El PeJota es mío, mío, mío: Cristina al gobierno, Néstor al poder.

Aproximadamente por julio del 2004, a poco más de un año de la asunción de Kirchner, un estudiante de la UBA escuchó a un (por entonces) militante de la ya añeja agrupación Venceremos (después Su.ma.te, ahora dentro de la kirchnerista organización Libres del Sur) afirmar (ante el implícito reconocimiento oficialista de la caducidad del proyecto de la transversalidad y el explícito replegamiento sobre el pornográfico aparato justicialista) la siguiente reflexión: mejor, al fin y al cabo, eso de la transversalidad a mí nunca me convenció, los transversales –Bonasso y compañía- le votan en contra en el Congreso, y, además, no tienen un sustento de poder real como el PJ, es decir, el peronismo, sí tiene. Toda una lección de ciencia política. Oral y personalizada.
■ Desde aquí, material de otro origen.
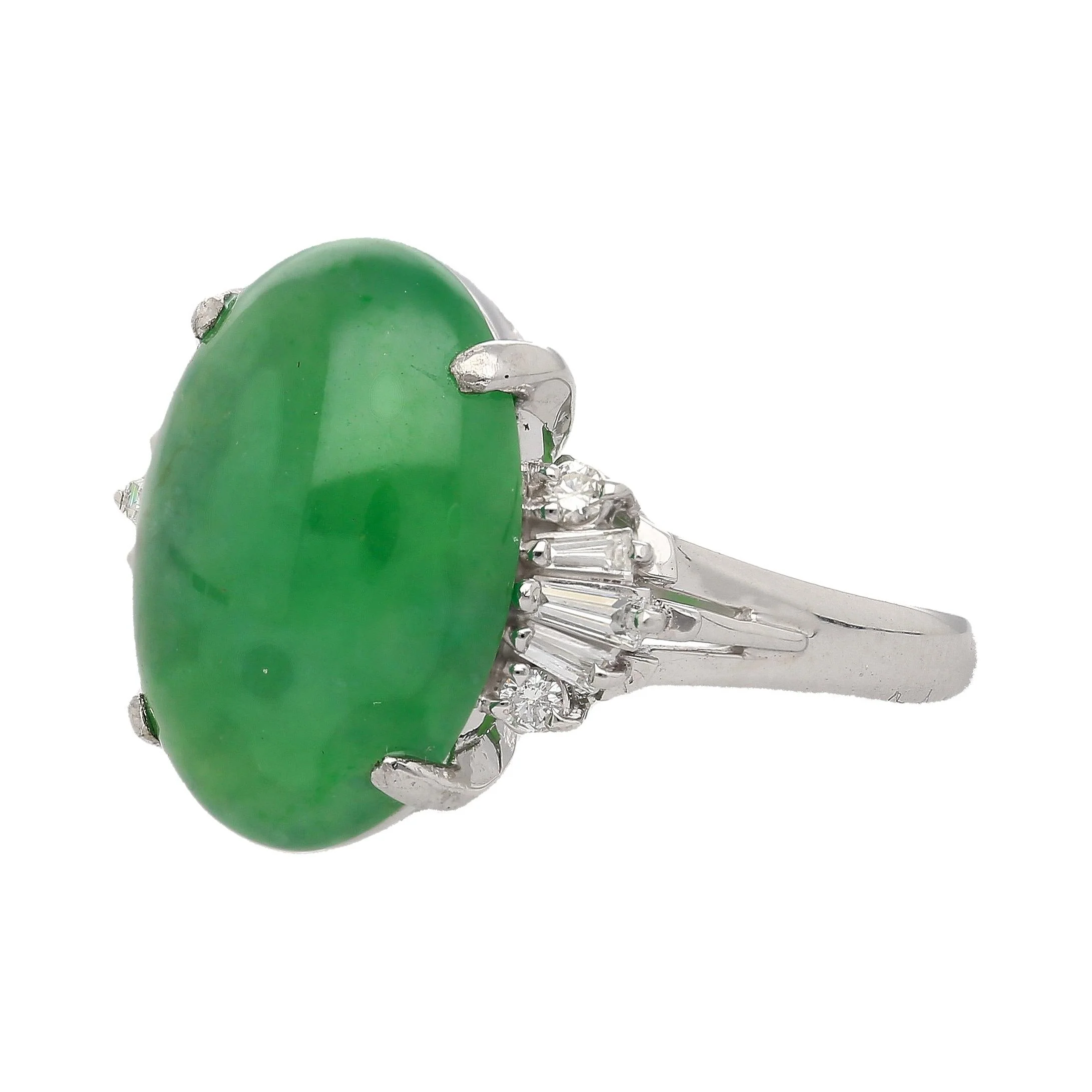 9 Carat Untreated Jadeite Jade Fei Cui and Diamond Platinum Ring HK Certified - Image 3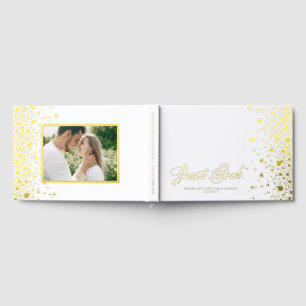 Gold Foil Confetti Dots Photo Wedding Guest Book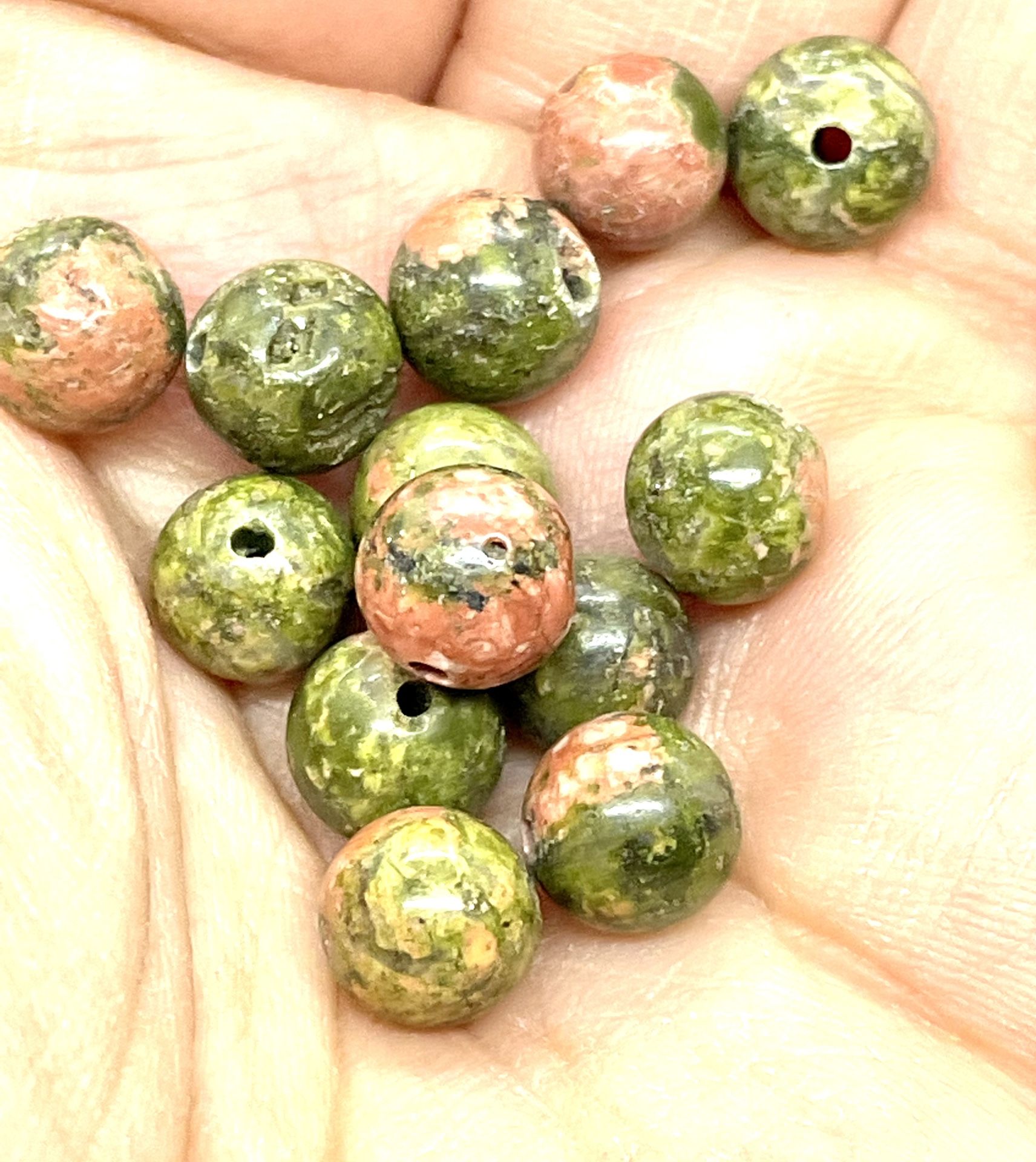 Lot Of 38 Unakite 8mm Beads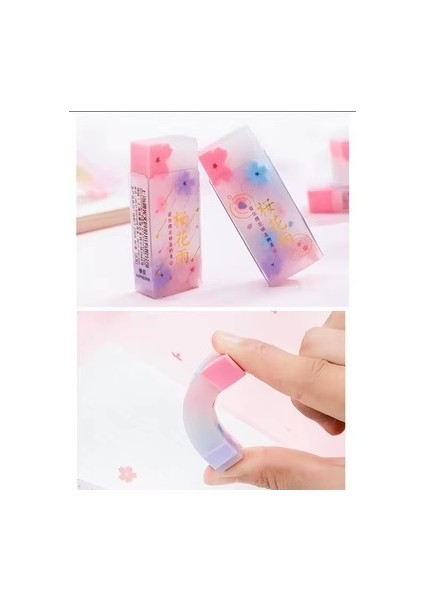2 Adet Sevimli Içi Çiçekli Kesilebilir Silgi Kauçuk Stick Sevimli Hediyelik Silgiler
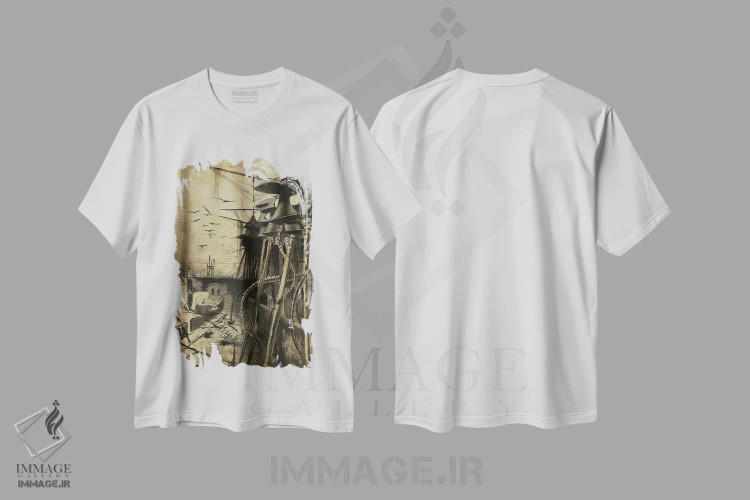 تیشرت سفید طرح دار دشمنان پنهان جنگ دنیاها، هنر دیجیتال اثر فیشرکرافت | immage.ir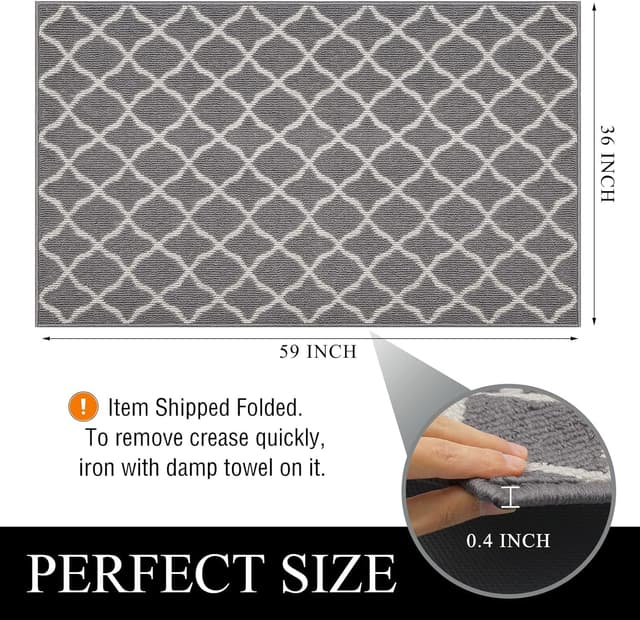 Detalle 2 de SHACOS Large Door Mats 36"x59" Indoor Washable Non-Slip Entryway Floor Mat (Light Gray)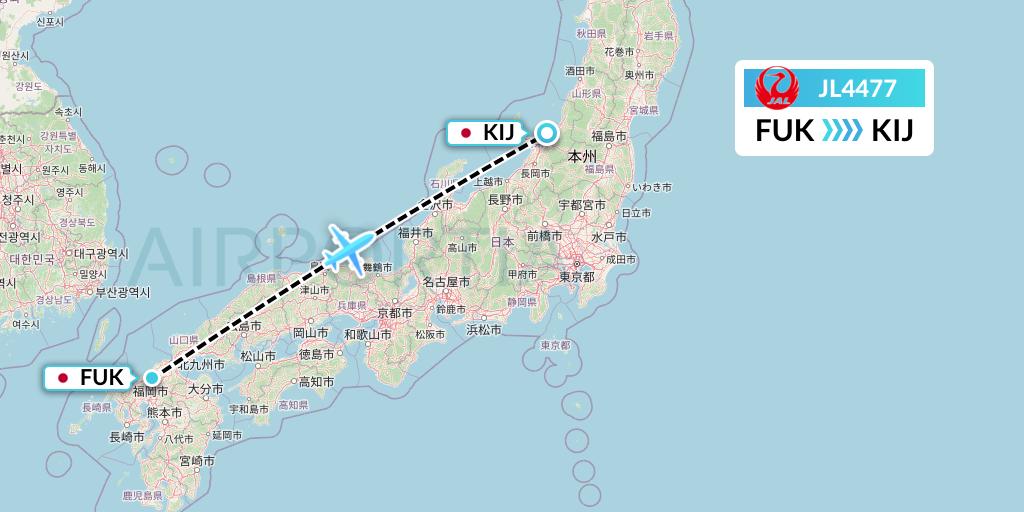 JL4477 Japan Airlines Flight Map: Fukuoka to Niigata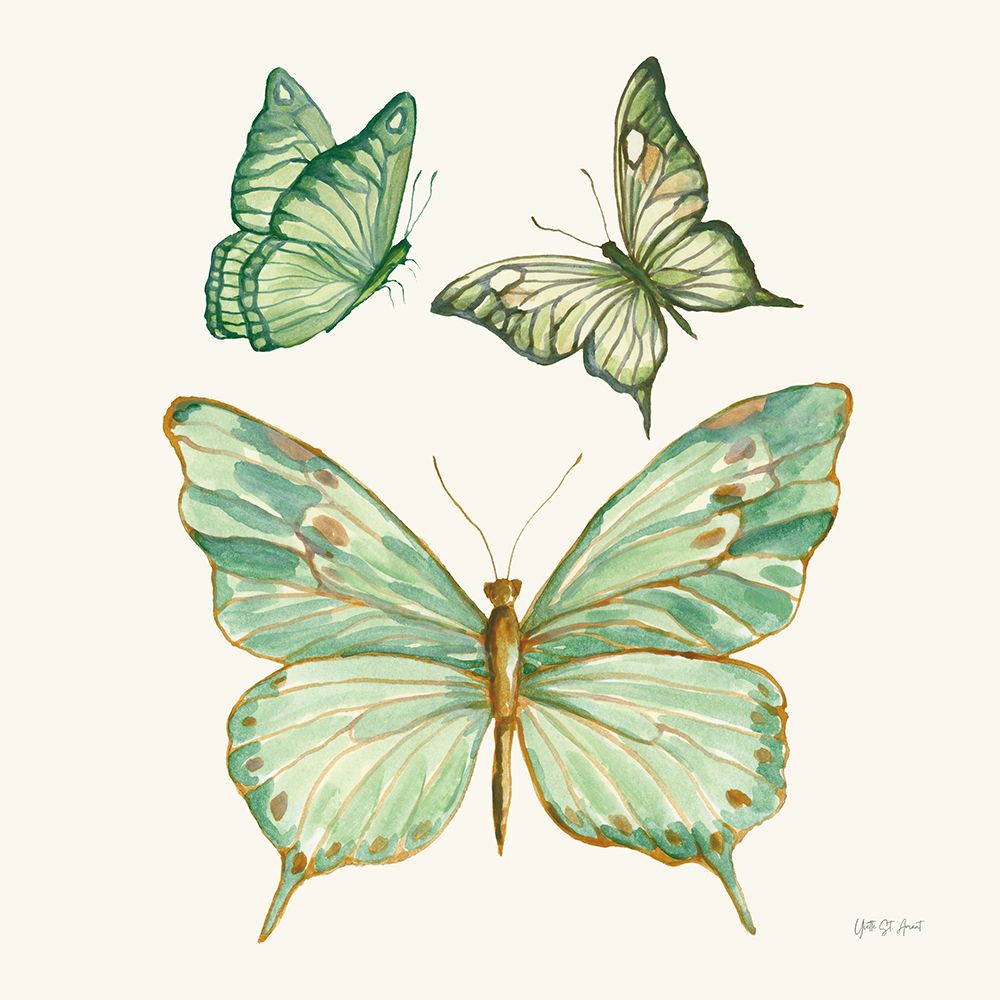 Jade Butterflies II art print by Yvette St. Amant for $57.95 CAD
Casi cuatro años después, lo implícito se volvió explícito y lo explícito obsceno, y el ex-presidente –actual gigoló presidencial de la presidenta Cristina - se dirige, con prisa y sin ninguna pausa, hacia el sillón que no supo ser de Rivadavia pero sí de Perón.

Es más o menos conocido el devenir político-ideológico de la, hasta el 2003, guevarista (al menos, por lo que daría a entender su nombre) agrupación Venceremos en la UBA. O, más puntualmente, en la Facultad de Sociales de la misma.

A fin de cuentas, esto es lo que menos importa.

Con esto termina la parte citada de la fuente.